Given data

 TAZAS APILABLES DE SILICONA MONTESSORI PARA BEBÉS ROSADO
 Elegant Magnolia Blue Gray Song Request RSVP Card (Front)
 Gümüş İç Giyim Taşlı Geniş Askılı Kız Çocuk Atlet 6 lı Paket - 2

---

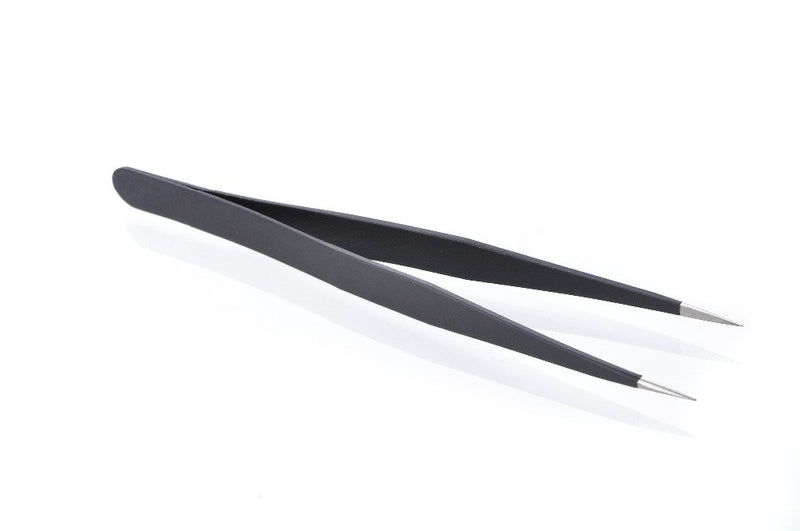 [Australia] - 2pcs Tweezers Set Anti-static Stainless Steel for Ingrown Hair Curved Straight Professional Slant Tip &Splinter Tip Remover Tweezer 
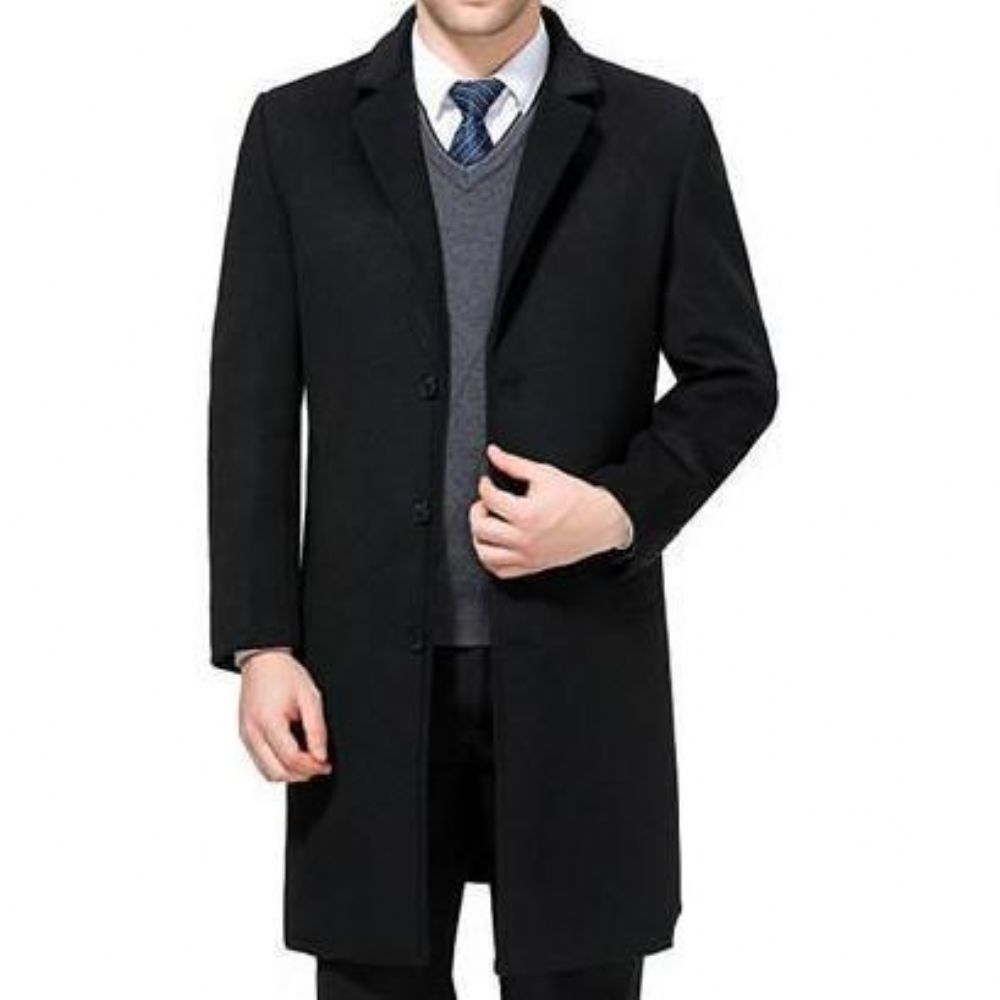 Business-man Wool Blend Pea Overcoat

Work instructions
Look back over the records above. Reproduce exactly everything from the line with "[Australia] - 2pcs" down to the line with "Business-man Wool Blend Pea Overcoat", inclusive, and leave the pictures out.

Solution to this task
 [Australia] - 2pcs Tweezers Set Anti-static Stainless Steel for Ingrown Hair Curved Straight Professional Slant Tip &Splinter Tip Remover Tweezer 
 Business-man Wool Blend Pea Overcoat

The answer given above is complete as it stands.